Perdagangan TSL, lanjut Darori, juga mengurangi populasi TSL dan kerugian ekologi yang besar. "Kerugian perdagangan TSL ini tak bisa dihitung karena kerugian ekologi jauh lebih besar,`` kata Direktur Konservasi dan Keanekaragaman Hayati Ditjen PHKA, Bambang Novianto.

Menurut Novianto, Kemenhut terus memantau aktifitas perdagangan TSL, termasuk perubahan modus operandi yang dilakukan pelaku kejahatan ekologi itu. "Kerjasama seperti dengan ASEAN-WEN ikut membantu meminimalisir perdagangan TSL," kata dia,

Darori juga mengatakan Kemenhut fokus melestarikan satwa terancam punah khususnya satwa endemik. "Biaya untuk konservasi dan pelestarian satwa yang dialokasikan APBN minim. Karena itu, partisipasi masyarakat dan swasta sangat diperlukan untuk menghindari kepunahan primata ini."

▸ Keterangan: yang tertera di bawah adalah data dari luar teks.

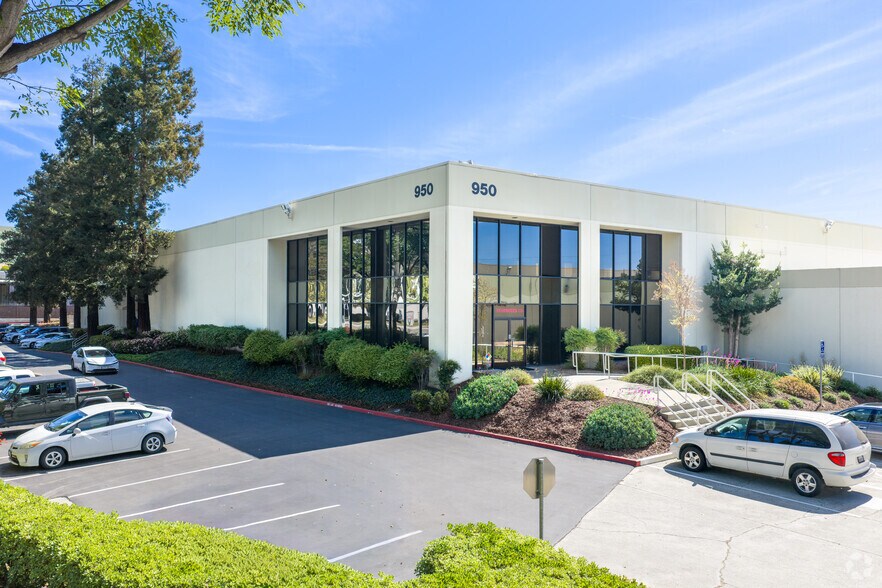 950 Yosemite Dr, Milpitas, CA à louer - Photo principale - Image 1 de 6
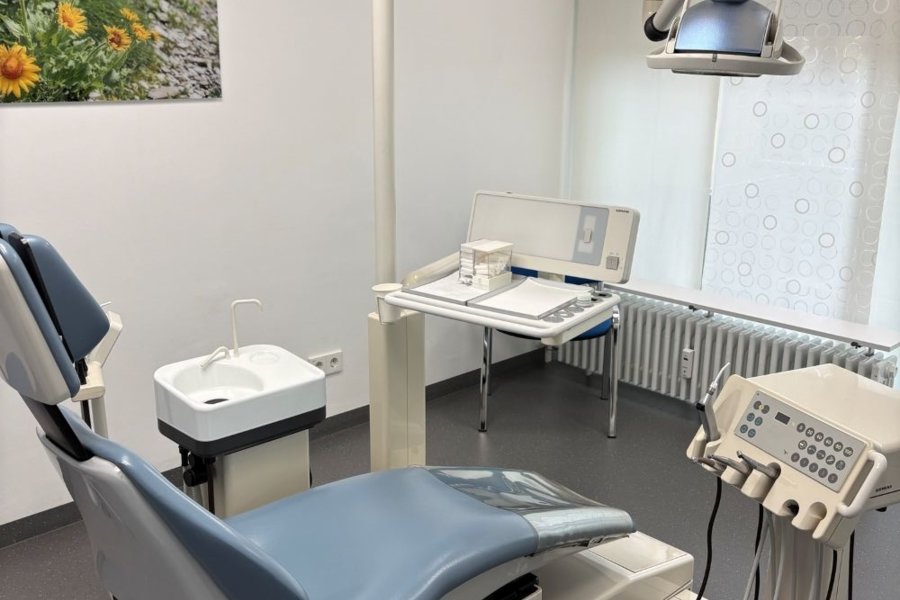 Raum Offenburg-Ortenaukreis: voll klimatisierte 4 Behandlungszimmerpraxis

Untuk itu, Darori mengapresiasi Aspinall Foundation yang sudah berkomitmen melakukan pelestarian satwa primata endemik pulau Jawa itu dengan pembangunan Pusat rehabilitasi Satwa Primata Jawa (PRSPJ). "Semua dana disediakan Aspinall, pemerintah dengan bantuan Perum Perhutani hanya membantu memfasilitasi," katanya.

Darori menambahkan dengan pusat rehabilitasi ini diharapkan seluruh owa jawa, lutung dan surili yang saat ini masih dipelihara oleh masyarakat secara berangsur-angsur dapat direhabilitasi di PRSPJ dan dilepasliarkan kembali kehabitat alaminya.

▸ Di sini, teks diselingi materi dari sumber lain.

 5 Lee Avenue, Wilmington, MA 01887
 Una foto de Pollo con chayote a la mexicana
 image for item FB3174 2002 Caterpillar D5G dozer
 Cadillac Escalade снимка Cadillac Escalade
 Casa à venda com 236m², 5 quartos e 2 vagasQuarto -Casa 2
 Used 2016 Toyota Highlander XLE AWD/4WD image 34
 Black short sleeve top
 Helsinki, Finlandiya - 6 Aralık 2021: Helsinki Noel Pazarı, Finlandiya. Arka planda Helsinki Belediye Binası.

Sedangkan untuk satwa-satwa yang tidak memungkinkan untuk dilepasliarkan diharapkan dapat dijadikan sebagai indukan untuk menghasilkan keturunan. Selain sebagai pusat rehabilitasi, PRSPJ ini juga diharapkan dapat berfungsi sebagai tempat penelitian dan pendidikan konservasi khususnya konservasi primata jawa bagi masyarakat luas.

Sebelumnya, Dirjen meresmikan Pusat Rehabilitasi Satwa Primata Jawa di Patuha Resort, Jawa Barat, untuk melestarikan satwa yang terancam punah, khususnya satwa endemik seperti primata dari pulau Jawa, yakni Owa Jawa, lutung, dan surili.

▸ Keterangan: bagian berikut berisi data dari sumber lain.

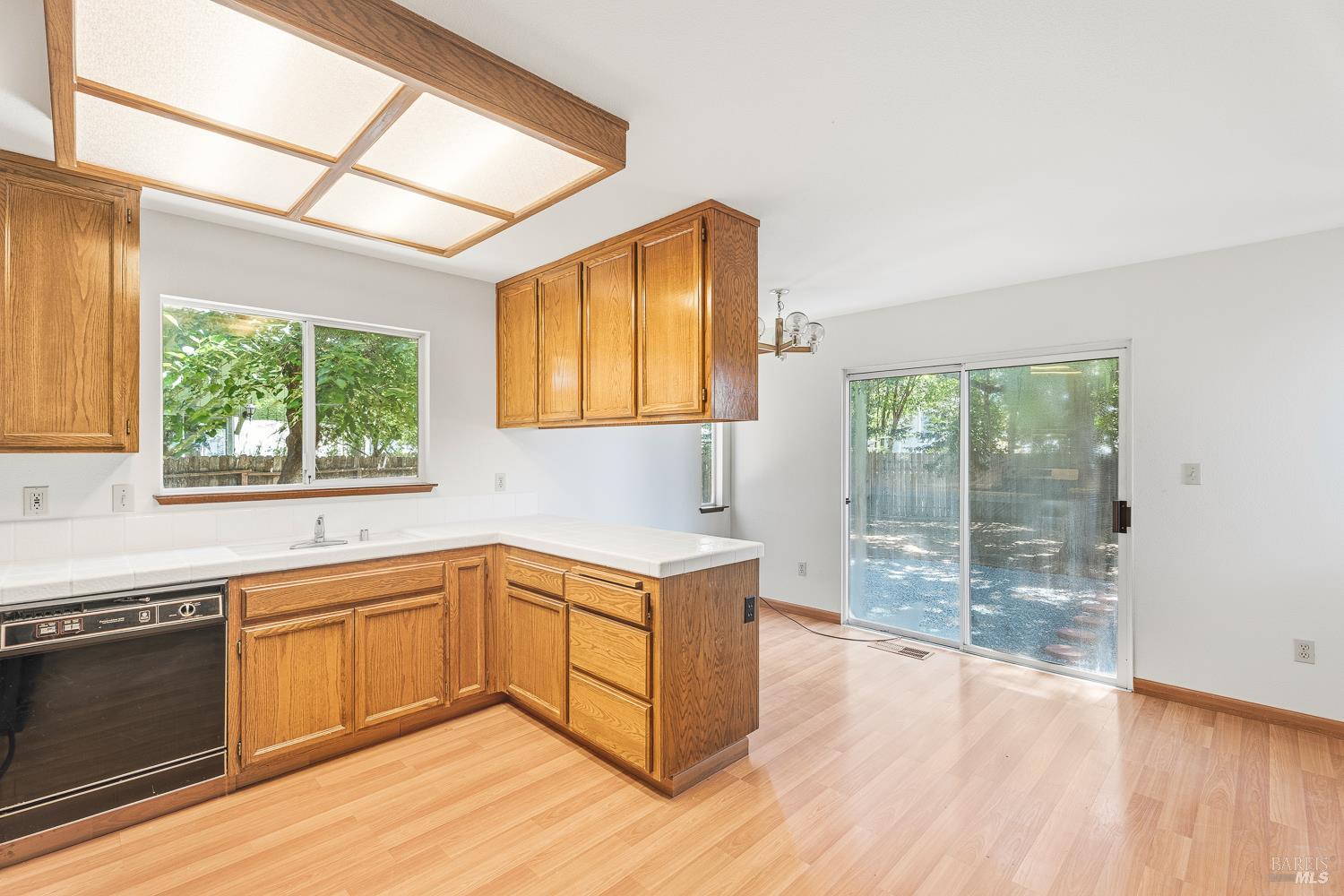 1037 Zephyr Cove Court Ukiah CA 95482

Country Director The Aspinall Foundation, Made Wedana, mengatakan pihaknya berkomitmen membantu penyelamatan satwa langka dan hampir punah di seluruh dunia. "Sebelum upaya rehabilitasi primata Jawa ini, Aspinall membantu pelestarian gorila di Afrika."

Kerja sama dengan Kemenhut selama 5 tahun mulai 2009 dan akan dievaluasi untuk dilanjutkan lima tahun berikutnya, kata Made. Target Aspinall bisa merehabilitasi primata Jawa untuk bisa dilepas kembali ke hutan, katanya.

Mengenai dana yang dikucurkan untuk PRSPJ ini, Made mengaku pihaknya tidak mematok angka. "Selama rehabilitasi dilakukan, Aspinall akan menggunakan dana yang memang sudah disiapkan. Sampai saat ini kami sudah mengeluarkan Rp2 miliar," katanya.

Made mendukung upaya Kemenhut melestarikan satwa primata yang hampir punah. Karenanya pusat rehabilitasi nantinya perlu dilengkapi dengan pembentukan wildlife crime unit guna melakukan investigasi dan penertiban terhadap pemilikan dan perdagangan illegal satwa-satwa dimaksud.